SEEING PEOPLE OFF, BY JANA BENOVÁ, TRANSLATED BY JANET LIVINGSTONE
Seeing People Off is the story of a town, its inhabitants, and the way time ceases to exist for them. Or perhaps it’s the story of a couple, or how art gets made—or doesn’t. Like a wheel, Jana Beňová’s novel rotates, turning on its head in a melange of voices that meander through the strange and sometimes suffocating neighborhood of Petržalka. But to say that Beňová’s prose (as translated by Janet Livingstone) meanders is inaccurate; it’s more that it bounces through a fragmented narrative in ways that are both unexpected and beautifully resonant. The many moments of profound sadness are wisely cut by a sardonic underbite that keeps the writing sharp, fresh, constantly renewed.
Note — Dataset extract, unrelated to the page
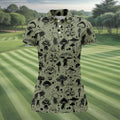 Vintage Mushroom Sketch Pattern Hawaiian Golf Shirt, Printed Golf Shirt, Women’s Golf Apparel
At the book’s core is young couple Ian and Elza, working to produce art as they navigate consumer culture, identity, obsession, and post-socialist life in Bratislava. Though their story often feels fractured and lonely, Beňová is, in the end, more interested in the ways the characters are connected, acting as fragments of a single consciousness. She is particularly skilled at exploring how our bodies can move and break down together. “Their bodies fused to the midpoint,” she says in describing Ian and Elza, “...blooming like the sepal of a flower...Slow and thick like blood. Like slim, graceful snakes. They danced passionately and wildly. They danced as if they were samping on something underground. Some lost image, a dead couple, each other.”